Ingatlah, jalan yang lurus ini tidak membutuhkan para pengekor hawa nafsu dan pemuja akalnya, yang dibutuhkan di jalan ini adalah hamba-hamba Allah yang berilmu dan teguh di atas kebenaran yang diketahuinya dari para salafush shalih pendahulu kita. Siapa saja yang menyempal dari garis ini, sungguh kita khawatirkan akan keadaan dirinya.. Tidakkah engkau ingat nasihat ulama kita, “Apabila engkau mengambil rukhshah/keringanan setiap alim niscaya akan terkumpul padamu semua keburukan.” Tidakkah engkau khawatirkan akan keadaan dirimu ketika Allah bertanya kepadamu tentang ucapanmu dengan mengatasnamakan Allah dan Rasul-Nya guna membela pendapat manusia yang kau kagumi dan menepikan dali-dalil yang jelas dan tegas. Padahal, engkau juga tahu bahwa Rasulullah shallallahu ‘alaihi wa sallam dan para sahabatnya tidak pernah mengajarkan kepada kita jalan-jalan mubtada’ah/yang diada-adakan semacam ini. Bukankah Allah tidak akan memberikan kesembuhan pada umat ini pada sesuatu yang haram? Bukankah air yang najis tidak akan bisa menyucikan pakaian walaupun dicuci dengannya sebanyak tujuh kali? Bukankah kau juga tahu, “Barangsiapa yang tergesa-gesa untuk mendapatkan sesuatu sebelum saatnya maka dia justru akan terhalang dari mendapatkannya.” Sabar, bukankah itu yang terbaik, meskipun mereka memukul punggungmu dan mengambil hartamu…Tidak ada ketaatan kepada manusia untuk durhaka kepada Rabb mereka. Kemenangan bukan untuk mereka yang menyelisihi perintah Nabi-Nya. Bukankah engkau juga ingat pesan dan ancaman keras dari beliau, “Akan dijadikan kehinaan dan kerendahan bagi setiap orang yang menyelisihi urusanku.”

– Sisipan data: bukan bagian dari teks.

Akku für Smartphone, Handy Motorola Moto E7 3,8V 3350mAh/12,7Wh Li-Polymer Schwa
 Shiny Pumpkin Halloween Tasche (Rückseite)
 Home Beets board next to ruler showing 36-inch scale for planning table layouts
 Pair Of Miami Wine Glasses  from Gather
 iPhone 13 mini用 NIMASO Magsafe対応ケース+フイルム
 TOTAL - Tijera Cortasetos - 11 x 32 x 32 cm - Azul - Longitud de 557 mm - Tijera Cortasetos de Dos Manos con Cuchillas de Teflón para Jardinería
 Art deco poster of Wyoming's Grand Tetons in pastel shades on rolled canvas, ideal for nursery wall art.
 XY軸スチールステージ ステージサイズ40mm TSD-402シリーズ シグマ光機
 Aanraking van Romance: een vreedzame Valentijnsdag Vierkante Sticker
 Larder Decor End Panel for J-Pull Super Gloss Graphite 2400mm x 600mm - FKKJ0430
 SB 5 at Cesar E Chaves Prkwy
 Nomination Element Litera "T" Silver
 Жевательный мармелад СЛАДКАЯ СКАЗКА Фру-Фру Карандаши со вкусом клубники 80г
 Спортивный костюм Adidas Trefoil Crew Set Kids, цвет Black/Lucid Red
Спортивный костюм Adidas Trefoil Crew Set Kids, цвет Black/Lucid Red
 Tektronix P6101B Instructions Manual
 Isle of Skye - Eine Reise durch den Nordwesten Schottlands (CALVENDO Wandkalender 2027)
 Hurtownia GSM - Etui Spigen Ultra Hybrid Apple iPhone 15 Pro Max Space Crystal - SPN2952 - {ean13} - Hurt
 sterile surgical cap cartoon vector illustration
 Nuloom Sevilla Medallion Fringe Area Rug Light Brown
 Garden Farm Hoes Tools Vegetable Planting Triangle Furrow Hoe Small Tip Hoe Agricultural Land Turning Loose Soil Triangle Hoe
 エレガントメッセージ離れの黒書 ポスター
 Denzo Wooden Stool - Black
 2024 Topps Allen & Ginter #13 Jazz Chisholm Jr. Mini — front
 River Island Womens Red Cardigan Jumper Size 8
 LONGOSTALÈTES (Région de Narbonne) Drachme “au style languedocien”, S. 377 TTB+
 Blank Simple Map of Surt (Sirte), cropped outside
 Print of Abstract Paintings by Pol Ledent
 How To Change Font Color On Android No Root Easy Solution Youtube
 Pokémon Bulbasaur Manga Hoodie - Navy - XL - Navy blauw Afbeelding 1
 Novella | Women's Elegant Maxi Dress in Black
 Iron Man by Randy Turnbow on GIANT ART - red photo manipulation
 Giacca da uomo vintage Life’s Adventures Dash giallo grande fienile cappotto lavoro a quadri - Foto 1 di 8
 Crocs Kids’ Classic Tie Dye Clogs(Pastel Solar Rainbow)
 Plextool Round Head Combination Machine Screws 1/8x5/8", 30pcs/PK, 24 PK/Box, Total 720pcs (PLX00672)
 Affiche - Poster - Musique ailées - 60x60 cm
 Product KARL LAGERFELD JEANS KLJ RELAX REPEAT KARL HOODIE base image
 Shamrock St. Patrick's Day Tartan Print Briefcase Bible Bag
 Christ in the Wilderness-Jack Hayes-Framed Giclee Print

Perjuangan ini memang panjang, dan jelas membutuhkan pengorbanan. Tidakkah kau ingat tetesan darah Rasulullah shallallahu ‘alaihi wa sallam, tidakkah kau ingat tetes darah Umar bin Khattab, Utsman bin Affan, Ali bin Abi Thalib dan para Imam Ahlus Sunnah di sepanjang perjalanan sejarah semacam Imam Ahmad bin Hanbal rahimahumullah? Mereka teguh dan tegar di atas Sunnah, rela untuk meninggalkan semua firqah yang ada kecuali al-Firqah an-Najiyah, at-Tha’ifah al-Manshurah, Ahlul hadits wal atsar… Inilah hizbullah yang akan menuai kemenangan hakiki “Pada hari tidak lagi bermanfaat harta dan keturunan kecuali bagi orang yang menghadap Allah dengan hati yang selamat.” Abu Utsman an-Naisaburi mengatakan, “Yaitu hati yang bersih dari bid’ah dan tentram dengan Sunnah.” Semoga Allah memberikan bimbingan-Nya kepadaku dan kepadamu serta kaum muslimin di negeri ini. Inilah wujud rasa cintaku kepadamu, semoga Allah mempersatukan kita di atas jalan-Nya. Wa shallallahu ‘ala Nabiyyina Muhammadin wa ‘ala alihi wa shahbihi wa sallam. Walhamdulillahi Rabbil ‘alamin.